Quella della Marmilla è senza dubbio una natura fortemente antropizzata. La vocazione cerealicola della regione, riconosciuta fin dall’antichità, ha contribuito enormemente a definire il rapporto tra l’uomo e il suo ambiente, stringendolo al punto da rendere impensabile l’uno al di fuori della relazione con l’altro. I confini tra natura e cultura da queste parti sono sfumati: i segni di una storia secolare si riconoscono nella frammentazione dei campi coltivati, nel diramarsi capillare di un corso d’acqua entro la parte de su sattu (la campagna) destinata agli orti, o nell’arrampicarsi dell’uliveto sul versante impervio della collina. La mano dell’uomo ha lasciato la propria impronta nella forma degli alberi, nel gusto dei frutti che si colgono dalle viti e dagli ulivi. Per contro, salta agli occhi la facilità con cui il coltivo è riconquistato alla selva e il sentiero si richiude nell’intrico delle fronde, se per un breve periodo non è percorso. È persino incerto, nella campagna che circonda i centri urbani ai piedi del grande altopiano, il discrimine tra domestico e selvatico quando si tratta di animali, e il caso dei famosi cavallini della Giara può forse dirsi esemplare da questo punto di vista, se non altro per il modo in cui mostra la convivenza secolare tra l’animale brado e l’uomo che lo cattura, lo marchia, lo utilizza, per poi lasciarlo libero di nuovo.
Un’analoga selvatichezza, che non è mai veramente tale – e che semmai può dirsi natura marginale – si è tradotta nel corso dei secoli nella salvaguardia degli spazi inaccessibili alle colture, dei quali si è senz’altro fatto uso, sempre, non solo nella pastorizia, quindi per il pascolo, ma anche per la caccia, per la raccolta del sughero, e per esigenze tradizionalmente comunitarie, come il legnatico. Spazi che hanno conservato in questo modo, e nelle forme da questo modo derivate, la propria natura.

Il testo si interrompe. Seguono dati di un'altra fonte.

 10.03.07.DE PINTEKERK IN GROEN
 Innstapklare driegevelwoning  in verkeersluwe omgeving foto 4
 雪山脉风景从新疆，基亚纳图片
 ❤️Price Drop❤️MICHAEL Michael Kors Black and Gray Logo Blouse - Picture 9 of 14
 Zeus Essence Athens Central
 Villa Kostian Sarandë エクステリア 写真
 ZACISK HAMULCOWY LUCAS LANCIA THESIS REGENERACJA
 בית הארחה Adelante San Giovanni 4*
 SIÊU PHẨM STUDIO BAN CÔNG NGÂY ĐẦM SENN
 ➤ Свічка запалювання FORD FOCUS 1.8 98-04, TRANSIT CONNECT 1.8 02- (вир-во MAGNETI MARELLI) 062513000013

Molti luoghi si presentano quindi oggi, nel territorio del SIC della Giara di Gesturi, come riserva di una natura altrove ormai scomparsa. Si distingue tra questi stessi luoghi, così come svetta nella pianura che l’accoglie, l’altopiano della Giara, con le sugherete e le leccete fitte che l’ammantano, con i suoi paùlis, ecosistemi peculiari dalle specie numerosissime, le scalas che danno accesso all’altopiano, e i corsi d’acqua che sgorgano alle sue pendici o precipitano da queste per bagnare i boschi che crescono sui suoi versanti. Il parco di Cracchera, con la bella cascata di Su Strumpu, nel territorio di Sini; la sorgente di Mitza Salamessi, in quello di Tuili; il bosco di Su Padenti ad Albagiara, sono solo alcuni di questi luoghi, ai quali si aggiungono i siti, non meno importanti, nei quali la stessa natura si mostra per come è stata nei tempi più lontani, restituendo le tracce fossili dei suoi trascorsi, i segni delle dinamiche telluriche dalle quali il paesaggio attuale, nella propria ossatura geologica, è derivato. Bastino per tutti, il geosito di Genna Manna - Muru ’e Cubeddu, a Nureci, il geopaleosito di Duidduru, a Genoni, e i centri di emissione di Zéppara Manna a Genoni e monte Zepparedda a Tuili.